Quand Saigon est tombé entre les mains du Viêt-Cong en Avril 1975, la guerre du Viet Nam s’est achevée, et un programme typiquement communiste de dépopulation systématique, de ré-éducation et de redistribution des richesses s’en est suivi. Au cours des deux années suivantes, un million de personnes ont quitté la ville pour la campagne ou pour des rivages plus lointains.

J’étais née 9 mois plus tôt dans un hôpital de Saigon. Au mois d’avril, ma mère était de nouveau enceinte de son troisième enfant. Mon père, — ingénieur et président de banque — avait bien réussi. Alors qu’il était né dans une pauvreté crasse (au sens propre du terme : lui, et ses 10 frères et sœurs vivaient dans une maison à la campagne, dont le sol était en terre), il avait été excellent à l’école, travaillant souvent à la lueur d’une bougie, jusque tard dans la nuit. Il avait été major de sa promotion au lycée, et avait gagné une bourse, et entamé une brillante carrière d’ingénieur civil.

Son intelligence, ses succès et sa prestance — accompagnés d’’un manque d’encadrement moral dû à un père absentéiste — l’ont mené pendant quelques années à vivre une vie de plaisirs.. Mais à 31 ans, il rencontra une fille moitié française, moitié Vietnamienne. Avec les yeux et les cheveux noirs d’une asiatique, le nez aquilin et le visage sculpté d’une européenne, elle était d’une beauté renversante. Il la demanda en mariage, elle accepta, ils s’installèrent ensemble et fondèrent une famille.

Nous étions à l’aise et n’avions besoin de rien. En ce printemps 1975, mon père changea de métier, espérant réaliser le rêve de sa vie : devenir médecin. Un accident de motocyclette, des années plus tôt, l’avait laissé avec une hémorragie interne, de nombreuses fractures, et à moitié mort, sur le bord d’une route de province. Mais par coïncidence – ou plutôt par providence – une ambulance de l’armée est passée par là dans les minutes qui ont suivi, et a repéré l’homme qui saignait. On l’a conduit d’urgence à l’hôpital où sa guérison a pris de longues semaines. Le médecins lui ont dit que si l’ambulance n’était pas passée là par chance, il serait mort en une heure.

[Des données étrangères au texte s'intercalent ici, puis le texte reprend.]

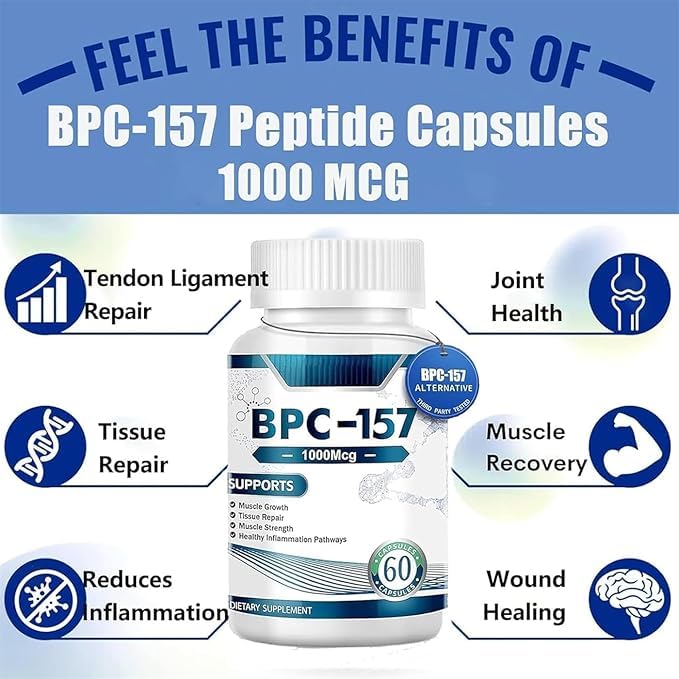 BPC-157 Peptide Capsules, New Protective Compound 157, 60 Capsules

Ce miracle ne le laissa pas indifférent. Il passa du temps à repenser à sa vie, regrettant le passé, et décidant de suivre une vocation qui aurait plus de sens – qui l’amènerait à soigner les autres. Une fois guéri, il entra à l’école de médecine.

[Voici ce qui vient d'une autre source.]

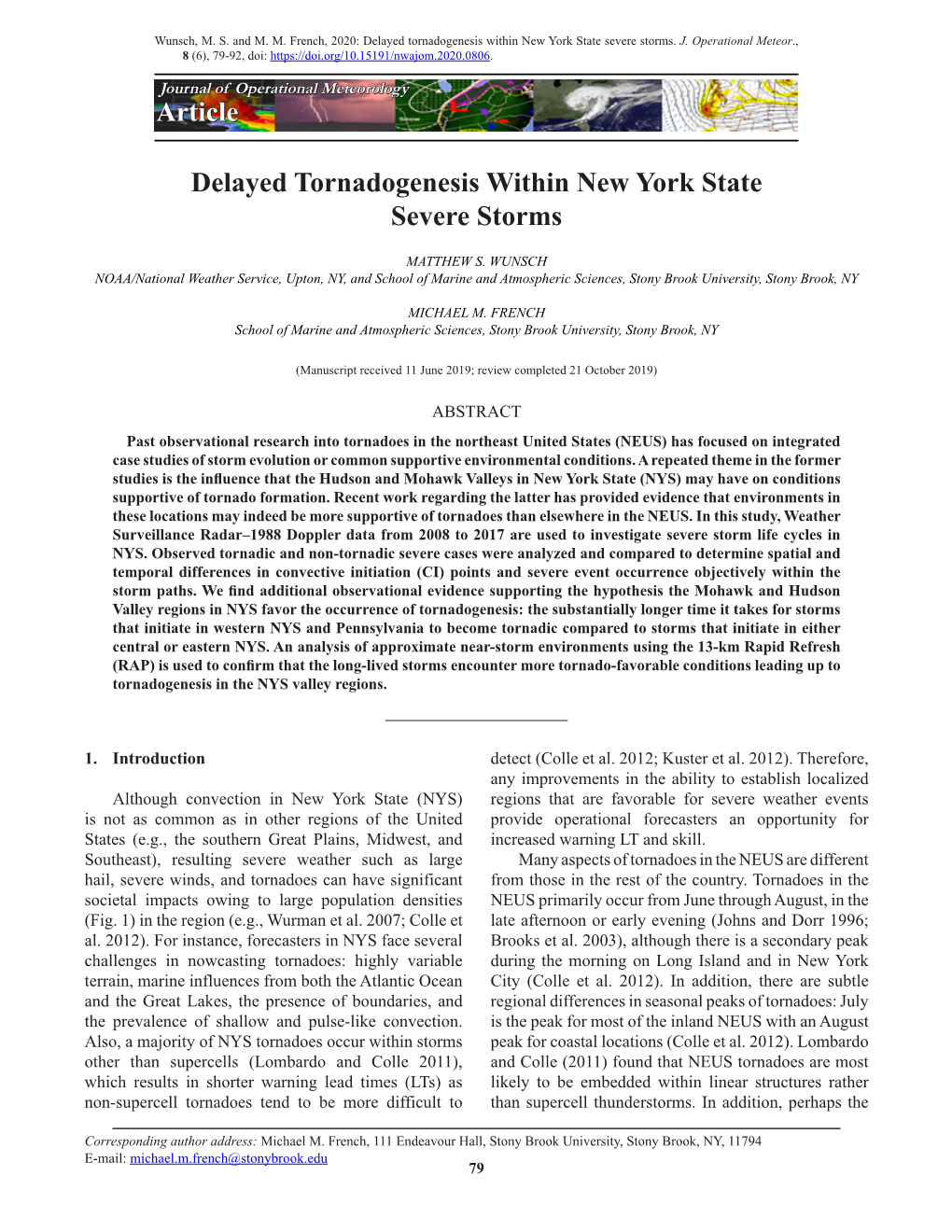 Delayed Tornadogenesis Within New York State Severe Storms Article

J’étais trop jeune pour m’en souvenir, mais ma famille m’a dit que les communistes nous ont pris tout ce que nous possédions. Après plusieurs mois d’angoisse, voyant les nombreuses personnes qui fuyaient la ville, et sachant qu’il n’avait pas d’avenir ici, mon père prit la décision difficile de quitter sa patrie, et tout ce qu’il connaissait et aimait, pour commencer une nouvelle vie en France.

Nous avons eu de la chance. Nous avions reçu de ma mère la citoyenneté française, car son père était colonel en Indochine dans les années 1950, ce qui nous a permis d’avoir tous des billets d’avion. D’autres Vietnamiens ont été moins heureux. Coincés dans un pays qui était tout à coup devenu étrange et terrifiant, beaucoup devinrent des réfugiés, changeant de l’or au marché noir pour acheter le passage pour Singapour ou les Philippines. Ils fuyaient à la faveur de la nuit vers des sampans peu solides qui les attendaient dans les docks de ce qui s’appelle maintenant Ho Chi Minh ville.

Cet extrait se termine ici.